EXERCISE DESCRIPTION:
Exactly transcribe the line that holds "Niebieska przecinarka linowa" and every remaining line of the records, up to and including the final one, with nothing else.

==============================

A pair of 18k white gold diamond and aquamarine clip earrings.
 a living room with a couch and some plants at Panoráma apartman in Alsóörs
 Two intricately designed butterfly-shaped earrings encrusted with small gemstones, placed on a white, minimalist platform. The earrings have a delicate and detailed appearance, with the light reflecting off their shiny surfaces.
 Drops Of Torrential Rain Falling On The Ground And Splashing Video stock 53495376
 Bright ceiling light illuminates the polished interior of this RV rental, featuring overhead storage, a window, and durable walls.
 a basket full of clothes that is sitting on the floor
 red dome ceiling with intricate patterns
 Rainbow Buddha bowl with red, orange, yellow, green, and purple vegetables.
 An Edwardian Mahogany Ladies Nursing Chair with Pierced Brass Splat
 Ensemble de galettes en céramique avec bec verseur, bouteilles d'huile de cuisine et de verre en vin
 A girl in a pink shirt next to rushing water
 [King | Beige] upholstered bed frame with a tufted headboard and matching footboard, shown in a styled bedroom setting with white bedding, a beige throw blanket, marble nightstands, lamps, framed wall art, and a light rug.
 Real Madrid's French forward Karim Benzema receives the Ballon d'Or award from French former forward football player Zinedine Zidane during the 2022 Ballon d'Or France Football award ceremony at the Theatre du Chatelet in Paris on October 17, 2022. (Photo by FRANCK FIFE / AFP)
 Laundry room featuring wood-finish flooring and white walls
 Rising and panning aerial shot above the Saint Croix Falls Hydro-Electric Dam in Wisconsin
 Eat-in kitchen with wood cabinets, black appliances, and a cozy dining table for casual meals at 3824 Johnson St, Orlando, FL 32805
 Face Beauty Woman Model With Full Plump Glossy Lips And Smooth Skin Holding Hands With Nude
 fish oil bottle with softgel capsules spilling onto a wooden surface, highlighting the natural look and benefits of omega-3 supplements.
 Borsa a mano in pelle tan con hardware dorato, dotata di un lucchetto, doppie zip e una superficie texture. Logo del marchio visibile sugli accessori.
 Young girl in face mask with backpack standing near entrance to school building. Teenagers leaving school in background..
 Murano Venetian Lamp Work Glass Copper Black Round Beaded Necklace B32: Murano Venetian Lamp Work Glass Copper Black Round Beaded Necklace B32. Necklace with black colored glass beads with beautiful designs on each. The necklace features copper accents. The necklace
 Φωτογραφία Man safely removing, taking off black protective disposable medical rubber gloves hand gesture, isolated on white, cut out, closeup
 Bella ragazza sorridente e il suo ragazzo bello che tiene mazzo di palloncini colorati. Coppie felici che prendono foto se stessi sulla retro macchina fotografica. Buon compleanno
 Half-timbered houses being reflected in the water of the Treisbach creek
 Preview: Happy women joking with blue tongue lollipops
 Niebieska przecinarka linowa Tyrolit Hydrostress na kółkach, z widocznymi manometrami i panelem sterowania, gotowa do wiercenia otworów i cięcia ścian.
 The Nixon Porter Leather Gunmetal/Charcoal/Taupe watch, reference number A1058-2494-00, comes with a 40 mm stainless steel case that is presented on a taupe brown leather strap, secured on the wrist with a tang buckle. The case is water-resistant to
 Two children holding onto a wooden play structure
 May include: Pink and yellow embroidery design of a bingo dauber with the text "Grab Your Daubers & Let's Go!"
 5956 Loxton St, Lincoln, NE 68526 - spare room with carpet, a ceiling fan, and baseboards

==============================

SOLUTION FOR THIS EXERCISE:
 Niebieska przecinarka linowa Tyrolit Hydrostress na kółkach, z widocznymi manometrami i panelem sterowania, gotowa do wiercenia otworów i cięcia ścian.
 The Nixon Porter Leather Gunmetal/Charcoal/Taupe watch, reference number A1058-2494-00, comes with a 40 mm stainless steel case that is presented on a taupe brown leather strap, secured on the wrist with a tang buckle. The case is water-resistant to
 Two children holding onto a wooden play structure
 May include: Pink and yellow embroidery design of a bingo dauber with the text "Grab Your Daubers & Let's Go!"
 5956 Loxton St, Lincoln, NE 68526 - spare room with carpet, a ceiling fan, and baseboards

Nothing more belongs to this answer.